II-PATHOLOGIES FONCTIONNELLES
Une altération des fonctions est présente pour la grande majorité des patients handicapés, tous syndromes confondus. Ces pathologies fonctionnelles sont généralement liées à des malpositions dentaires et à l'existence de dysmorphoses dento-maxillaires. Elles doivent être recherchées et évaluées afin d'ajuster la texture alimentaire correspondant aux possibilités masticatoires du patient.
:Ventilation souvent buccale
La ventilation est souvent buccale. La maturation des fonctions orales est retardée. Plus généralement, la mastication résulte de compromis praxiques à mi-chemin entre la mastication et la succion. Les troubles de la succion-déglutition sont fréquents chez l'enfant. Ils augmentent le risque de fausses routes et sont responsables de l'installation du bavage.
:Activité linguale
Les troubles neuromoteurs qui affectent les personnes handicapées s'expriment également au niveau de la cavité buccale. En particulier, le développement du massif facial moyen peut être sensiblement perturbé par l'absence de maturation de la fonction linguale (photo 5). Ainsi, pour les enfants encéphalopathes, l'hyperactivité linguale est non contrôlable et se traduit par la persistance des mouvements archaïques de succion-déglutition. Cette hyperactivité favorise la projection en avant du rebord dento-alvéolaire maxillaire (5a).
Par contre, l'hypoactivité linguale qui caractérise certains syndromes comme la trisomie 21 ou certaines myopathies se traduit par un hypodéveloppement du maxillaire supérieur (5c). Ces dysmorphoses dento-maxillaires sont d'autant plus graves qu'elles ne sont pas compensables si la fonction n'est pas rééducable, ou si l'enfant ne coopère pas suffisamment pour le traitement.
:Conséquences médicales et sociales
Ces troubles fonctionnels ont des conséquences médicales et sociales.

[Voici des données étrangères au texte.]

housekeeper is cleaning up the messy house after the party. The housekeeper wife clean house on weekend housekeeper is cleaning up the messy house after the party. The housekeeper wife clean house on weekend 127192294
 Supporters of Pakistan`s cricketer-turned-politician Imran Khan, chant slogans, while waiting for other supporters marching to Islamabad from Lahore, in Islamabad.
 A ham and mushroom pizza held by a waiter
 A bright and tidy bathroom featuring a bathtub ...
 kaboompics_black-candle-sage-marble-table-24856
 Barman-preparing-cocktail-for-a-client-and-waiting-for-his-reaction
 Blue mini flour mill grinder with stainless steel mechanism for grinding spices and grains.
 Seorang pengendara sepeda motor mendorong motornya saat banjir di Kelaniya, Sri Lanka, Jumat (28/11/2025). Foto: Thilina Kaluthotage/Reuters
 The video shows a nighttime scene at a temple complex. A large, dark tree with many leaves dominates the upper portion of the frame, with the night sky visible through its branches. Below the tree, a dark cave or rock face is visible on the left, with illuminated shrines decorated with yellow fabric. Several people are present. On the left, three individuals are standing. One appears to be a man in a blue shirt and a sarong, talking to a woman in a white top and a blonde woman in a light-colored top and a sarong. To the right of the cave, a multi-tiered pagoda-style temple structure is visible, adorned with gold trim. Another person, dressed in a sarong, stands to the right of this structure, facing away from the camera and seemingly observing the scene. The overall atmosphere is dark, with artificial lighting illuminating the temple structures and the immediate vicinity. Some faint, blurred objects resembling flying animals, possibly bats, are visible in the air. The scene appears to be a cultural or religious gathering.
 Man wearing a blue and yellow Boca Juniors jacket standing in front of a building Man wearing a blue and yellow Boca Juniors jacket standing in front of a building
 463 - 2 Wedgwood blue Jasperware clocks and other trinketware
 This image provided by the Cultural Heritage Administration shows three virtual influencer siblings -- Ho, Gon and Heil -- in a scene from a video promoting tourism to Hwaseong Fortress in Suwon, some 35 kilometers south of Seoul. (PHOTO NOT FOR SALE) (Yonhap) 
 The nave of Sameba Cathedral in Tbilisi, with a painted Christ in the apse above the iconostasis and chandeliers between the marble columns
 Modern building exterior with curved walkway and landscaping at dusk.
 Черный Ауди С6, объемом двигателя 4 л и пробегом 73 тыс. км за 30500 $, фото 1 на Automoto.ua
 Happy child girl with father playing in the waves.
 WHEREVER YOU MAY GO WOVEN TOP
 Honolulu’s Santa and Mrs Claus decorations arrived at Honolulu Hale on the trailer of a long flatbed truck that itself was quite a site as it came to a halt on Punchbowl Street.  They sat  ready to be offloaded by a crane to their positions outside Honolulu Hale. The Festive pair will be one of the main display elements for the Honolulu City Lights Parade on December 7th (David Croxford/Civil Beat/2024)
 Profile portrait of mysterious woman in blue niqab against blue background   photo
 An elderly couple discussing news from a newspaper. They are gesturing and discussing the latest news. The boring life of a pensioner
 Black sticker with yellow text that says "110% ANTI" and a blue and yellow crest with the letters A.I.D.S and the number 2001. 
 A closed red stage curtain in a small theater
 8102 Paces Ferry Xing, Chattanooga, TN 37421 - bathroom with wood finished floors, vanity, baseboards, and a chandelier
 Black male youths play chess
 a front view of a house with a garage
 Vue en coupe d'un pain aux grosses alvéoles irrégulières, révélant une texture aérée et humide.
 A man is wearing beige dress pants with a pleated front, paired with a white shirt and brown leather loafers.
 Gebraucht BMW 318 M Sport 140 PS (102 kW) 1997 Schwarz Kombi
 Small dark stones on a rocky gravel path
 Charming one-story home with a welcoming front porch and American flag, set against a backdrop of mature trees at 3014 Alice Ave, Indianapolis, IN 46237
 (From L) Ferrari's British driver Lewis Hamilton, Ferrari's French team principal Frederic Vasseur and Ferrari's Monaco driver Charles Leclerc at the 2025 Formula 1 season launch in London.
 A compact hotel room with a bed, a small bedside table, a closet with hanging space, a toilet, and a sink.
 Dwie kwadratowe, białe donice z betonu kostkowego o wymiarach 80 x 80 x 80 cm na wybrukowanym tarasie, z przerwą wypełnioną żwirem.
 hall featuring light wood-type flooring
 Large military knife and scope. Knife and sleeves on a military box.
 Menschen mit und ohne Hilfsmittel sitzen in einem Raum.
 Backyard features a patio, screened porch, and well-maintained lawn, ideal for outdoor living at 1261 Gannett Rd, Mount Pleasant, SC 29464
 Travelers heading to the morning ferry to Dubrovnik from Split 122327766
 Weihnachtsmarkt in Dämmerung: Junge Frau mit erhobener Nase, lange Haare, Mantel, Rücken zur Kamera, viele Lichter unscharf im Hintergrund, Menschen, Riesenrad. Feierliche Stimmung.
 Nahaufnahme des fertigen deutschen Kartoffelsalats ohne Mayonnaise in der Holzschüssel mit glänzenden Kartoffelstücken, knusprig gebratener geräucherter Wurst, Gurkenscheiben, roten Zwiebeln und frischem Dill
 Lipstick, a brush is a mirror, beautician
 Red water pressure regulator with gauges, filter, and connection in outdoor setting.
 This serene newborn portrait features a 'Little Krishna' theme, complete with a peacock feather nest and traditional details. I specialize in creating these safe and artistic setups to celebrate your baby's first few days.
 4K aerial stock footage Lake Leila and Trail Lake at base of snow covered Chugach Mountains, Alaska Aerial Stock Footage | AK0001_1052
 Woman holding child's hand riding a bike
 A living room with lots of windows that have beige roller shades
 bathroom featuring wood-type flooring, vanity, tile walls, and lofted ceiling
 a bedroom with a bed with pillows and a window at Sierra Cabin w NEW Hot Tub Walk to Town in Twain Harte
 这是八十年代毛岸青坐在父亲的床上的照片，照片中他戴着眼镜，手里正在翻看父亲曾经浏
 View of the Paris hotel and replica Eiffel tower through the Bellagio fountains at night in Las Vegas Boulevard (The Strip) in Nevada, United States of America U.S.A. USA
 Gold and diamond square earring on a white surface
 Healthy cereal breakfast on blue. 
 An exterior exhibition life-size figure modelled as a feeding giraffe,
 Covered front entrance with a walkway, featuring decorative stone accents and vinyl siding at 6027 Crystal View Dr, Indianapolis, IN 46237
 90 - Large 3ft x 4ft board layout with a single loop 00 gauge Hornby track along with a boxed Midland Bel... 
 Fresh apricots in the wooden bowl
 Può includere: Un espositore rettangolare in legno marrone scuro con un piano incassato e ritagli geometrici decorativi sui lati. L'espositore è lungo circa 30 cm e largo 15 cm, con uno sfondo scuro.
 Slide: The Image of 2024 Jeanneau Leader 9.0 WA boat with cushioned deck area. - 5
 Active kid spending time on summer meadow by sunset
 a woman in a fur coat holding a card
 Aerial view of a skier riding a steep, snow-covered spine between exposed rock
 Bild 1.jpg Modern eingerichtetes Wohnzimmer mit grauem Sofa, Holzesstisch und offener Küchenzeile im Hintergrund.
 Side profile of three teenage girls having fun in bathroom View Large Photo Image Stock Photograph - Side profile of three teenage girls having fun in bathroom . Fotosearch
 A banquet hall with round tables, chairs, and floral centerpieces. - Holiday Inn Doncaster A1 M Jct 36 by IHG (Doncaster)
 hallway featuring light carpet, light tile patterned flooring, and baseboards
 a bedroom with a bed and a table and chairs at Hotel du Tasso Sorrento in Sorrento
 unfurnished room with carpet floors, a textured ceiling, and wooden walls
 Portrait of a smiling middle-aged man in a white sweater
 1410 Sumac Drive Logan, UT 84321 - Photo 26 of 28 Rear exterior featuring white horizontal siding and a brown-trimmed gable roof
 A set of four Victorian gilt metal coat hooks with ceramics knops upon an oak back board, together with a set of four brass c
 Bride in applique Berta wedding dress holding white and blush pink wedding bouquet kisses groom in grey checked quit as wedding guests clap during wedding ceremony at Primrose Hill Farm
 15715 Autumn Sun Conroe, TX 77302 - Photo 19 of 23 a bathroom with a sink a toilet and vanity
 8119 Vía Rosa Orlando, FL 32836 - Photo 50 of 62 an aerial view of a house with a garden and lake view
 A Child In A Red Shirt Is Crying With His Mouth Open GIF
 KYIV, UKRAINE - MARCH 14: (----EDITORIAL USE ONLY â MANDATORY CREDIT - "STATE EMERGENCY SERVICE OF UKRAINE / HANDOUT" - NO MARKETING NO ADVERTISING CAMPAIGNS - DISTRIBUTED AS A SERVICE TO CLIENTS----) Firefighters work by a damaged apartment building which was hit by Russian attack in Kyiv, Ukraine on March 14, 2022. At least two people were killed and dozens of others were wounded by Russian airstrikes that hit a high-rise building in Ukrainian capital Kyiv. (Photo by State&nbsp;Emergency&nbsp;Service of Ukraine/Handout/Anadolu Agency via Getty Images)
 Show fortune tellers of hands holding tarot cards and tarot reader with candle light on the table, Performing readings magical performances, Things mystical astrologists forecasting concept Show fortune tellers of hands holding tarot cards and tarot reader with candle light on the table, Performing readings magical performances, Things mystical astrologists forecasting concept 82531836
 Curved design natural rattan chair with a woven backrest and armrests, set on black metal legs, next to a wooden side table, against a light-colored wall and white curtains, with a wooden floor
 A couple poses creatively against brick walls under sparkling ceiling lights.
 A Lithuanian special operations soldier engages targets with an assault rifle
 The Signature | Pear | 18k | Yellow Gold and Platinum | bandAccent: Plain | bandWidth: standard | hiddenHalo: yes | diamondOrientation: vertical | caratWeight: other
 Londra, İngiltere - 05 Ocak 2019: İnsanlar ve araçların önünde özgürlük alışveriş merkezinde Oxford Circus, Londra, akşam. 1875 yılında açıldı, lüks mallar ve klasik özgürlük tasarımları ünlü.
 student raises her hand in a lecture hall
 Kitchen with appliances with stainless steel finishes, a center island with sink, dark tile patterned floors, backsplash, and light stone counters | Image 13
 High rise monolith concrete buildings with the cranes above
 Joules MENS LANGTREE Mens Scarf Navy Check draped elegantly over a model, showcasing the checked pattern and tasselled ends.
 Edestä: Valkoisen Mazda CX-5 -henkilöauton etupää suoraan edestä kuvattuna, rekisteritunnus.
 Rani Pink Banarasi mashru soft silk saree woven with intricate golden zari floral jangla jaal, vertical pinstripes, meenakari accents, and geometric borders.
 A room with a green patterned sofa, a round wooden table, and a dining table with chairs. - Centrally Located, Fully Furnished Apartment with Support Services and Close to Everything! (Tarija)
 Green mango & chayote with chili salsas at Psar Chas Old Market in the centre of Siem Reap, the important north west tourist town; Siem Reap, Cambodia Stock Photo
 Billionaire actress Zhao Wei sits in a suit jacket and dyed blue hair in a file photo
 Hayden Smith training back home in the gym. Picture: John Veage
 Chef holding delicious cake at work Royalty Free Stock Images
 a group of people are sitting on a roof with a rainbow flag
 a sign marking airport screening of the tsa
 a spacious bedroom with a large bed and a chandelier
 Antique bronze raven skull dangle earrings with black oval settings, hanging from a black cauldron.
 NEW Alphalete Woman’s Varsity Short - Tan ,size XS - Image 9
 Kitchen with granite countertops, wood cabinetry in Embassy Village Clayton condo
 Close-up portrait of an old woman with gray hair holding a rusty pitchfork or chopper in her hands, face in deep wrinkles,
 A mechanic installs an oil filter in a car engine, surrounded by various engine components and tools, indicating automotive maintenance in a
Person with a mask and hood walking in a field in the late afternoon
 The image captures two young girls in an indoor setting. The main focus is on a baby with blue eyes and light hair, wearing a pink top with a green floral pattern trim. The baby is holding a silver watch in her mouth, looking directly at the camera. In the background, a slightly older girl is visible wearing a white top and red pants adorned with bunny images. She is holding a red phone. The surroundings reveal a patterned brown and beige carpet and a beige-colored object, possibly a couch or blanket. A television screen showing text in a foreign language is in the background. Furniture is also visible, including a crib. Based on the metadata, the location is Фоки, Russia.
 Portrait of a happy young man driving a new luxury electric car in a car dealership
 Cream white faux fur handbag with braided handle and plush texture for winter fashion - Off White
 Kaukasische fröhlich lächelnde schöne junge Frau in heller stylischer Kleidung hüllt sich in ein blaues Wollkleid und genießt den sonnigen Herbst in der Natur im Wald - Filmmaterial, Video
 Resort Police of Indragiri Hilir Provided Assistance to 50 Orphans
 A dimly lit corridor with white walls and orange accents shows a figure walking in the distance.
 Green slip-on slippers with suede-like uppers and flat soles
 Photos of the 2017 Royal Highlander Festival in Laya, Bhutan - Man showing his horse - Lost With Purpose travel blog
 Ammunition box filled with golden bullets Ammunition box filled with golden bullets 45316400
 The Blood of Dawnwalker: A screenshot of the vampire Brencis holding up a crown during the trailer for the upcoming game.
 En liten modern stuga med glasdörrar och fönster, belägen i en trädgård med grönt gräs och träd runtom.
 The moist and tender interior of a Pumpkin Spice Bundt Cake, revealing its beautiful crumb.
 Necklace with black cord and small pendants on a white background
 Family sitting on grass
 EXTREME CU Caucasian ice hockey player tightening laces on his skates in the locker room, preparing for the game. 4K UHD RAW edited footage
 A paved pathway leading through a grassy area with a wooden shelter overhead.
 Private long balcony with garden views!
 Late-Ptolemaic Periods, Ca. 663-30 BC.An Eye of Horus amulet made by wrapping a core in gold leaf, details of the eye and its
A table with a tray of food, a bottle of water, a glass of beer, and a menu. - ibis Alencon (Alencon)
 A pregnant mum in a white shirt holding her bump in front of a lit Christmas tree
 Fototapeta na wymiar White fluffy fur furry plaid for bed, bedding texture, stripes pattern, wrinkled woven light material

Sur le plan médical, les fausses routes entretiennent les infections broncho-pulmonaires qui constituent la première cause de mortalité chez les personnes polyhandicapées. Sur le plan social, ils rendent les repas fastidieux pour les familles ou le personnel médico-éducatif qui ont en charge les personnes dépendantes.
Les dyskinésies faciales sont fréquentes chez les personnes handicapées, et certains auteurs les considèrent comme un indicateur de la déficience mentale. Cependant, exceptés certains syndromes, ces mouvements anarchiques et involontaires de la mandibule résultent principalement de la dysmorphose dento-maxillaire et sont développés inconsciemment pour éviter l'inconfort de l'affrontement des dents en malposition et soulager les contractures musculaires qui résultent de l'instabilité mandibulaire.
III-EVOLUTION DES PATHOLOGIES DENTAIRES CHEZ LES PERSONNES HANDICAPEES
Les difficultés d'intervention constituent un facteur aggravant de ces pathologies. Elles sont dues en partie à la nature du handicap et au passé médical souvent lourd qui renforce l'anxiété et l'opposition, mais surtout à l'absence d'une dentisterie spécifique. Les édentements anarchiques sont donc fréquents et d'autant plus graves qu'ils sont rarement compensés. Le surhandicap s'installe alors, la déglutition et la mastication étant altérées, la digestion l'est aussi et les états de dénutrition consécutifs sont toujours sous-estimés. De plus, les conséquences esthétiques et phonatoires non négligeables de ces édentements aggravent les difficultés de socialisation. Enfin, les dysmorphoses, le bavage, l'halitose entraînent des refus affectifs et sociaux lourds de conséquences, pour la personne handicapée elle-même, mais également pour son entourage familial.